* Stored dataset items
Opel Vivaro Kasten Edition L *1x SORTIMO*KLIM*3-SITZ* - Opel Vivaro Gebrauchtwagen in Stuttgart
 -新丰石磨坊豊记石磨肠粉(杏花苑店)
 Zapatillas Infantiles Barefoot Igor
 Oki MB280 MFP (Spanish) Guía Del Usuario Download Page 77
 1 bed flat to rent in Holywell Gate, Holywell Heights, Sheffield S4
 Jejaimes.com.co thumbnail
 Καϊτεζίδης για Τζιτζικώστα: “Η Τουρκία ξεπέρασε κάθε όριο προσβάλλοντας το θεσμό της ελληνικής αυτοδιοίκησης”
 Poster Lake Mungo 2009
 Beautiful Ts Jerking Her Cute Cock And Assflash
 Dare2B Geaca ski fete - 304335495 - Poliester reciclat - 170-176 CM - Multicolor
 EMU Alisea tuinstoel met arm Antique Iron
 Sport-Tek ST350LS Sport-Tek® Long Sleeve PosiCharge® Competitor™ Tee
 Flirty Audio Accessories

* WORK TO COMPLETE
Could you retype exactly the lines above, starting at the line that contains "Τουρκία ξεπέρασε κάθε" and ending at the line that contains "EMU Alisea tuinstoel met arm Antique Iron", and nothing more?

* SOLUTION BELOW
 Καϊτεζίδης για Τζιτζικώστα: “Η Τουρκία ξεπέρασε κάθε όριο προσβάλλοντας το θεσμό της ελληνικής αυτοδιοίκησης”
 Poster Lake Mungo 2009
 Beautiful Ts Jerking Her Cute Cock And Assflash
 Dare2B Geaca ski fete - 304335495 - Poliester reciclat - 170-176 CM - Multicolor
 EMU Alisea tuinstoel met arm Antique Iron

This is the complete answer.